Could a native speaker please tell me how to pronounce the word "berget"? An online translator says: "ba:gә". Is it correct? If so, is this the only way to pronounce it?

Takk.


----------



## sdr083

There's never only one way to pronounce a word in Norwegian 
 The  online translator suggestion sounds strange to me. R isn't usually  silent in Norwegian (though it may be pronounced in several different  ways).
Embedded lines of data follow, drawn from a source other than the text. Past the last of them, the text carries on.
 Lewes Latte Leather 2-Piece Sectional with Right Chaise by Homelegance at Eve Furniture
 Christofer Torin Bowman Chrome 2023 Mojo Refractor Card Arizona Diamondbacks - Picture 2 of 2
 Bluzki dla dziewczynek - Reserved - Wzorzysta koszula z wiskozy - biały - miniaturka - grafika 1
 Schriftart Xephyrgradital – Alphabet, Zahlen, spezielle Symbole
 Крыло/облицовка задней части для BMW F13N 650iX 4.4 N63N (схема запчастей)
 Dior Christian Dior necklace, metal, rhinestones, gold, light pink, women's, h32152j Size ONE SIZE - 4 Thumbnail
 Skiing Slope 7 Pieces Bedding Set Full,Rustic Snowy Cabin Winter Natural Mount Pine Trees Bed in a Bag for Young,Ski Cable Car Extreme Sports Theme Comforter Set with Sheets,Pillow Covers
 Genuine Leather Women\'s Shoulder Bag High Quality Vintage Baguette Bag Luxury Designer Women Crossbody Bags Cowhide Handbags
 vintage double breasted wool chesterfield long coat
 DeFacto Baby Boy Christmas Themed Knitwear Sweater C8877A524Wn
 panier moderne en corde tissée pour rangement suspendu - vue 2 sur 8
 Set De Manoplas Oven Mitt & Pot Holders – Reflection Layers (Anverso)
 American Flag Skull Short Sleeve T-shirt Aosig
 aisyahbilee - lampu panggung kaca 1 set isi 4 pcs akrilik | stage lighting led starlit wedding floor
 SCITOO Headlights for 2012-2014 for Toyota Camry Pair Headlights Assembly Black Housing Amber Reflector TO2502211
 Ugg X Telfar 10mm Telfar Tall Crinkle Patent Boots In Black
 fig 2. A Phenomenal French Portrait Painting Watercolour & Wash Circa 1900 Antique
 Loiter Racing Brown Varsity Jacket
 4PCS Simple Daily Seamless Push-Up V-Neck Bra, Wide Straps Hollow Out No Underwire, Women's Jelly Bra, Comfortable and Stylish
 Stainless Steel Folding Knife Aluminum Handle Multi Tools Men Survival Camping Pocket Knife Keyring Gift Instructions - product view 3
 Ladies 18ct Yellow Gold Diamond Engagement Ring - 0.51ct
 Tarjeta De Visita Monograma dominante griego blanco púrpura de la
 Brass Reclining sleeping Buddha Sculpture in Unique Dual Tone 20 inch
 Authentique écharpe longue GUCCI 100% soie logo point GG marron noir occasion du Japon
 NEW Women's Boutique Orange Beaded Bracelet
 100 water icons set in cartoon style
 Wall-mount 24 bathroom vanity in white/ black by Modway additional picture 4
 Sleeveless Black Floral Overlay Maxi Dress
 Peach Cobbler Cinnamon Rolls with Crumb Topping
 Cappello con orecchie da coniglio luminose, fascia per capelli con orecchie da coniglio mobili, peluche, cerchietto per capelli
Word-final T, howver, frequently is.
 I'd go with something more like  /'bɛɾgә/. Different tones in the East and the West, /ʁ/ rather than /ɾ/ in the south.
Let's see if anyone else has an opinion ...


----------



## Xander2024

Tusen takk, sdr083.


----------



## sdr083

Just realized this word can mean two different  things in Norwegian: 

1. Noun: et berg - *berget *
2. Verb: å berge - berger - *berget*

What I wrote refers to the first interpretation.  In addition to word being pronounced with toneme 1 as a noun and toneme 2  as a verb, I believe the T isn't silent in the second case.


----------



## Xander2024

No, I meant "the mountain" - "berget". I didn't even know the verb "å berge". I do now.


----------



## sendintheclowns

sdr083 said:


> I'd go with something more like  /'bɛɾgә/. Different tones in the East and the West, /ʁ/ rather than /ɾ/ in the south.



I would rather say /'bæɾgә/.


----------



## Xander2024

By the way, what is the /ʁ/ sound like? The German "r"?


----------



## Tjahzi

Yes. It's a voiced uvular fricative/approximant.


----------



## Xander2024

I thought, of all the Scandinavians only the Danes had this sound.  Well, it's because I haven't heard many Norwegian or Swedish dialects, only the main ones.


----------